L’uomo ha gli occhi lucidi e un groppo in gola, perché Renato ha appena trovato la morte in sella alla sua Yamaha R1 1000. È uscito di strada mentre percorreva la strada provinciale 1, la direttissima della Mandria, conosciuta da tutti come il «rettilineo della morte». L’incidente è avvenuto mercoledì 24 aprile a Cafasse, dove il serpente di asfalto si piega leggermente in quella che tutti conoscono come la curva del Tripoli. Un tratto che invita i centauri a piegare, ma che è molto rischioso, soprattutto perché ci sono altre strade secondarie che si immettono sulla provinciale. Basta dare un’occhiata ai mazzi di fiori sistemati a bordo strada, o appoggiati sul guard rail, che qualcuno ha sistemato per ricordare chi non c’è più.

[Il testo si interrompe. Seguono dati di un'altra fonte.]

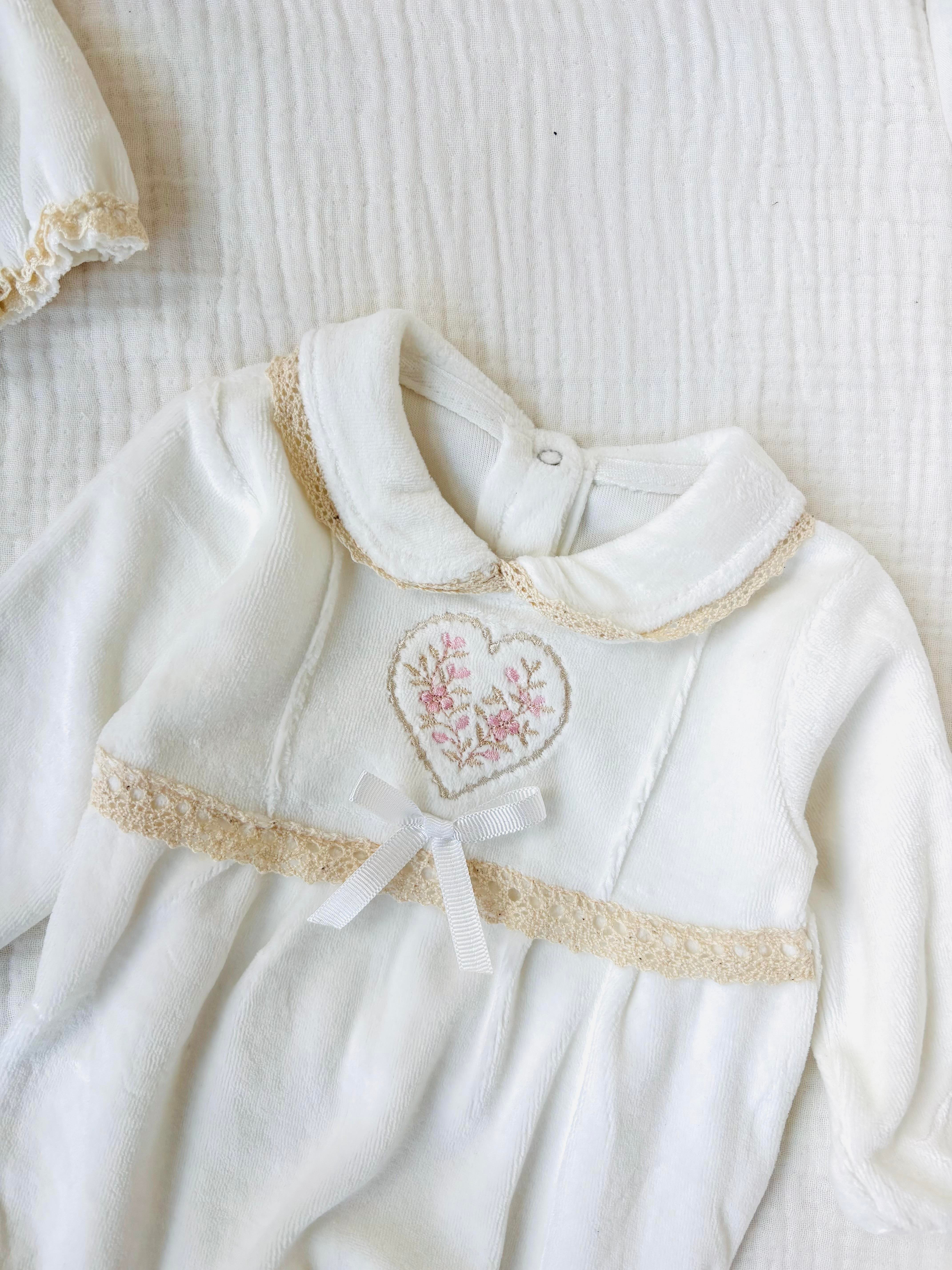 Elf Kadife Kız Bebek Tulum - Beyaz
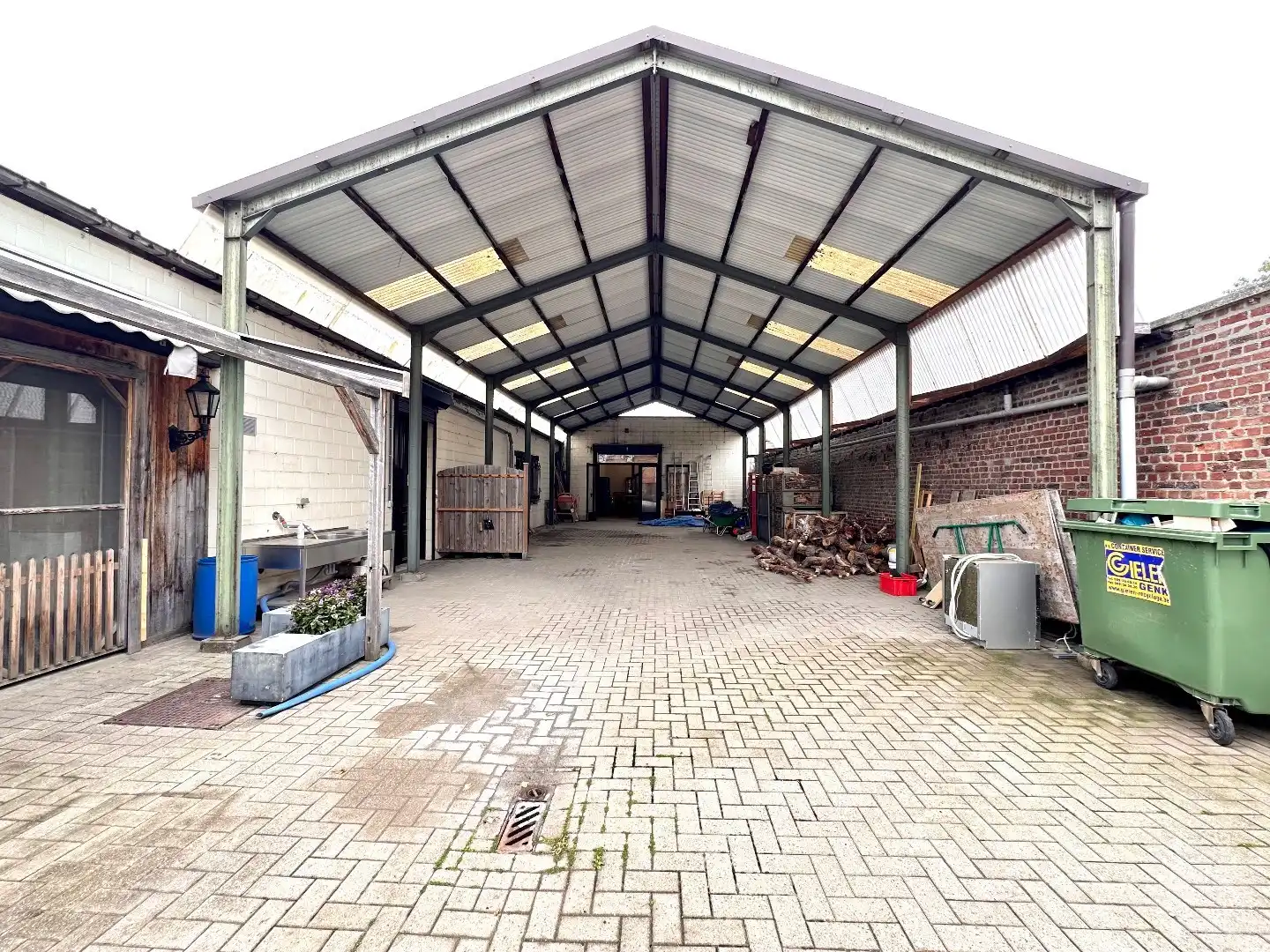 Ruim handelspand met magazijnen, loods, bureelruimte en grote tuin foto 4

Perché Renato Sardo è solo l’ultimo motociclista che si è ammazzato in quel tratto di strada.
Una scia di sangue impressionante che, tempo fa, aveva convinto i residenti della zona a promuovere una raccolta firme per segnalare la pericolosità del curvone dove, spesso qualcuno veniva coinvolto in un incidente. Un appello che, però, non ha cambiato affatto le cose. La tragedia è avvenuta poco dopo le 16. Sardo stava viaggiando in direzione di Lanzo quando, per motivi che stanno accertando i carabinieri di Fiano, ha perso il controllo della sua Yamaha. Forse per evitare un furgone, forse perché è stato leggermente urtato dal mezzo. L’unica cosa certa è che non sono rimasti segni di frenata sul manto stradale.